Ehrenabitur für Albrecht Weinberg

Im Rahmen der diesjährigen Abiturfeierlichkeiten an „seinem“ Gymnasium wurde dem Namensgeber Albrecht Weinberg am 3. Juli 2021 das Ehrenabitur verliehen.

Herr Weinberg, dem in seiner Jugend ein Schulabschluss aufgrund der mit der Nazi-Gewaltherrschaft einhergehenden Judenverfolgung verwehrt blieb, wurde in bewegenden Reden der Schülersprecher Hannah Coordes und Christoph Bollen auf die verspätete Zeugnisausgabe vorbereitet. Hannah sagte u.a.:

„In den vergangenen Jahren haben Sie uns Schülerinnen und Schülern immer wieder Ihre Geschichte erzählt, für uns haben Sie das Grauen, das Ihnen widerfahren ist, erneut durchlebt, um uns etwas beizubringen, das so viel wichtiger ist als viele der schulischen Inhalte: Was es bedeutet, ausgegrenzt und gehasst zu werden, dass Respekt und  Achtung vor unseren Mitmenschen wichtiger sind denn je, und vor allem, dass wir eine Stimme haben, die im Angesicht großer Ungerechtigkeit nicht verstummen darf. Ihr Beitrag zu unserer Bildung hat nichts zu tun mit auswendig gelernten Formeln oder der richtigen Rechtschreibung. Ihr Wissen stammt nicht aus Büchern, sondern ist das Ergebnis einer unglaublichen Lebensgeschichte und heute möchten wir Sie für Ihr Engagement und Ihren unermüdlichen Einsatz ehren.“

Christoph unterstrich, wie sich Weinbergs Jugend von der der heutigen Abiturient*innen unterschied:

„Im Alter von 11 Jahren wurden wir hier am Gymnasium eingeschult. Im selben Alter musste Albrecht Weinberg auch einen Schulwechsel vollziehen. Nicht weil es auf die nächste Schulform ging, sondern weil er als Jude von seiner bisherigen Schule vertrieben wurde und von da an eine Schule für jüdische Kinder in Leer besuchen musste.

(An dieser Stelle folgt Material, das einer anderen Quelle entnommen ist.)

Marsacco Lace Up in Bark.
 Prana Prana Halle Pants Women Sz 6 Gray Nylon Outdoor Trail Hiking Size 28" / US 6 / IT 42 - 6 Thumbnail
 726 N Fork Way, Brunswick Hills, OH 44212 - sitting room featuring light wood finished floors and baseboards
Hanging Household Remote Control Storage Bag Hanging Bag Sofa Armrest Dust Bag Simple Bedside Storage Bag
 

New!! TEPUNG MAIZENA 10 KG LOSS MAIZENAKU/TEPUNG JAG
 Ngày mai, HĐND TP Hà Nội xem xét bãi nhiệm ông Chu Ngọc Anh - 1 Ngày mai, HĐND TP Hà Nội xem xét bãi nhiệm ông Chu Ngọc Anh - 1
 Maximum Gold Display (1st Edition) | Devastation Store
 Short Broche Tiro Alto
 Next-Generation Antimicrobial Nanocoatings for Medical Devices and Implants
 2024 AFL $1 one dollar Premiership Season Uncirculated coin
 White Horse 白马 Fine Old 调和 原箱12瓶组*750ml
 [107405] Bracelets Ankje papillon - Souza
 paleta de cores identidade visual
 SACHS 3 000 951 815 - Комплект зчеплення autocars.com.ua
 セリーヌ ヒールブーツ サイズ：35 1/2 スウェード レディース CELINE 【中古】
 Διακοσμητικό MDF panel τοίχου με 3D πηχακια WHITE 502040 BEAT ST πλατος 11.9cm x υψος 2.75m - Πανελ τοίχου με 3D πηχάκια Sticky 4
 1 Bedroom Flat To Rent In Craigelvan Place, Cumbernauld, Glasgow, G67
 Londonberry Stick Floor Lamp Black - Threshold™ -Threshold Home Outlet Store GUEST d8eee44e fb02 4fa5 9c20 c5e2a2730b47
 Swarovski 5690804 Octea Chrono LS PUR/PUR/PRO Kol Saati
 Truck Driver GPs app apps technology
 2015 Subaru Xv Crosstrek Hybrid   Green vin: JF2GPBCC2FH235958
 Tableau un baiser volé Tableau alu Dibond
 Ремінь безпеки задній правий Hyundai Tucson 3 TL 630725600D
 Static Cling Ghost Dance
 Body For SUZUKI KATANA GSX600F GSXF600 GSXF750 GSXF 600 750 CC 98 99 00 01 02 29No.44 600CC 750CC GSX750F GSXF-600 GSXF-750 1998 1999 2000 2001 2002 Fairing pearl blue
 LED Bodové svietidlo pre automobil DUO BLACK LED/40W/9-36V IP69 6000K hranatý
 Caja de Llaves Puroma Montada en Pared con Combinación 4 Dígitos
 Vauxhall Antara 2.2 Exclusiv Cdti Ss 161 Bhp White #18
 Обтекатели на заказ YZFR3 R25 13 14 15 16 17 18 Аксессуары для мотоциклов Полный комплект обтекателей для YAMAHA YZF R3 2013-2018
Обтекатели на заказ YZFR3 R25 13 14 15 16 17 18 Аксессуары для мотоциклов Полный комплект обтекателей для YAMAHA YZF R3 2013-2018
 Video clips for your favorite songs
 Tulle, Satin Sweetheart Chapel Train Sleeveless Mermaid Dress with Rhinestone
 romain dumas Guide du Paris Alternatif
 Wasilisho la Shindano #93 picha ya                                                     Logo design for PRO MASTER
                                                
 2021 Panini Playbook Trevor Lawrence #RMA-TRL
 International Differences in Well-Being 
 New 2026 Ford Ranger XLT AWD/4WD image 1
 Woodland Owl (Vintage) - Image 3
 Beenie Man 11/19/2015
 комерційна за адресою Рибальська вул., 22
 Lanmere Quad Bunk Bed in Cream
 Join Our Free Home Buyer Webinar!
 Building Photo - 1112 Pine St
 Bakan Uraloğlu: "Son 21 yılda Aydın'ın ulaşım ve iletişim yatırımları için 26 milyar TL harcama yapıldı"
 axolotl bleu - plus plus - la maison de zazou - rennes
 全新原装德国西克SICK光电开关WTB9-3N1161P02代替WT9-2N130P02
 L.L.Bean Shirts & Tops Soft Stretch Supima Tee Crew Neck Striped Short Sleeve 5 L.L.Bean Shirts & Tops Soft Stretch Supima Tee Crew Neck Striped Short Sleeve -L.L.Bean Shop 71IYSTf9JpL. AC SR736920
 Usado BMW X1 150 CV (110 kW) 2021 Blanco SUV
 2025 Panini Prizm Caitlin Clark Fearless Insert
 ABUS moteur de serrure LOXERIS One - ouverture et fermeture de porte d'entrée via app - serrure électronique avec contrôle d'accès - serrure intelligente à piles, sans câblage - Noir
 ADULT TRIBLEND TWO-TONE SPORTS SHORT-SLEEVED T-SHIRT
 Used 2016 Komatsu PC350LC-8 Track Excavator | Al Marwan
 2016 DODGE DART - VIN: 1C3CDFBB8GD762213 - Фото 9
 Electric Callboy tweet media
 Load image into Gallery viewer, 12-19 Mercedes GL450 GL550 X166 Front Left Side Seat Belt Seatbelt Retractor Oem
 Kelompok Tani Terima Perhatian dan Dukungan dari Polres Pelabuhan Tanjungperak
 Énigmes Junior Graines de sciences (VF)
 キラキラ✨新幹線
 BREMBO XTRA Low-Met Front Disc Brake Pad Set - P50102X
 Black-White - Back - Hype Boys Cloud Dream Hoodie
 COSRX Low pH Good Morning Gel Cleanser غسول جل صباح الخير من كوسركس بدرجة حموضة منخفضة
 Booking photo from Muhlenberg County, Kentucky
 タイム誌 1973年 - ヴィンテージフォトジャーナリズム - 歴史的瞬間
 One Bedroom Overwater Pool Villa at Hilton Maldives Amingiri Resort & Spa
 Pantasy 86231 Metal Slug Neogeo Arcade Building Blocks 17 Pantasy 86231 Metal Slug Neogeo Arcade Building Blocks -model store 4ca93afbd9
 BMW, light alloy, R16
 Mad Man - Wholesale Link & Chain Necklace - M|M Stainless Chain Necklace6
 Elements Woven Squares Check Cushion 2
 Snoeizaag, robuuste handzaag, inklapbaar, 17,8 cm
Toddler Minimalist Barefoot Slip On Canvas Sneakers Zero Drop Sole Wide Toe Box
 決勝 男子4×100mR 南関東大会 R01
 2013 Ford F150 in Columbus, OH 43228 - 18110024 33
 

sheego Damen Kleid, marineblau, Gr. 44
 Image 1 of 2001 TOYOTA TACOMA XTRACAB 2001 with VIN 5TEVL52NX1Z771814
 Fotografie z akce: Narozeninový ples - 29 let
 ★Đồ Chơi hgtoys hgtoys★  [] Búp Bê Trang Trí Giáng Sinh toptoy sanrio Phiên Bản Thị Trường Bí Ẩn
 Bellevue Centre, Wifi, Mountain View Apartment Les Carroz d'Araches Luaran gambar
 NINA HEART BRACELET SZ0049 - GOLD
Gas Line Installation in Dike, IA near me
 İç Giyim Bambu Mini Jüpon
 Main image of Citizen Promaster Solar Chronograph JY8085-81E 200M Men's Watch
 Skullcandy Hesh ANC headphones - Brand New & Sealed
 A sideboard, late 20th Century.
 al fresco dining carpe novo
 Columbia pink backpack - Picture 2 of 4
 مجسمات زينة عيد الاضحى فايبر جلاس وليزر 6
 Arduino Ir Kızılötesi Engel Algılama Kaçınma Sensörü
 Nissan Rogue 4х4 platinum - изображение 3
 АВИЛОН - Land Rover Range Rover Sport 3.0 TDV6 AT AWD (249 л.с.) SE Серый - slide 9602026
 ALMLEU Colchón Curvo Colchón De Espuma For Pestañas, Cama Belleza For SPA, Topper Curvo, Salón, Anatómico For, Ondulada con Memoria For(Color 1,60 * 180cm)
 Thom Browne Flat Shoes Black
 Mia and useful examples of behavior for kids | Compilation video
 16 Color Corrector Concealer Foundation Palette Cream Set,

Als Herr Weinberg dann so alt war wie wir, als es für uns in der 8. Klasse auf Klassenfahrt zum Segeln aufs Ijsselmeer oder an die Ostsee ging, wurde er zusammen mit seiner Schwester nach Groß Breesen ins Arbeitslager deportiert.

Zu dem Zeitpunkt, an dem die ersten von uns mit dem eigenen Auto die Gegend hier auf eigene Faust erkundeten, ging es für Albrecht Weinberg von Berlin aus ins Konzentrationslager.“

Sodann hob der Schülersprecher die besonderen Charakterzüge Weinbergs hervor, die die Begegnung mit ihm für die heutige Jugend so einzigartig und wertvoll mache: Versöhnlichkeit, Offenheit und Humor. Schließlich verglich er Herrn Weinberg mit einem „lebenden Fossil“:

„Wenn Sie Ihre Geschichte erzählen, dann machen Sie die vergangene Zeit für uns greifbarer. Es sind nicht nur Texte in unseren Geschichtsbüchern, die man nach einer Woche wieder vergessen hat. Es sind keine Bilder aus der Zeit des zweiten Weltkrieges, zu denen man keine Verbindung aufbauen kann. Es sind Ihre Geschichten, Ihre Vergangenheit, die Sie uns präsentieren und denen Sie eine Persönlichkeit geben. Sie geben dem Ganzen ein Gesicht und nun trägt seit Neuestem die ganze Schule Ihr Gesicht im Logo. Und für all das, was Sie für unsere Schule getan haben, was Sie für uns als Schüler getan haben, möchten wir als Schulgemeinschaft uns noch einmal mit dem bedanken, zu dem Sie in Ihrer Jugend nie die Möglichkeit bekamen: Ihrem Schulabschluss.“ 

Die Schulleiterin Frau Janssen überreichte daraufhin dem sichtlich bewegten Albrecht Weinberg sein Abiturzeugnis, nachdem sie den Zeugnistext verlesen hatte:

Es gab stehende Ovationen für den 96jährigen, der die Ehrung mit sichtlicher Rührung, aber auch verständlicher Genugtuung entgegennahm.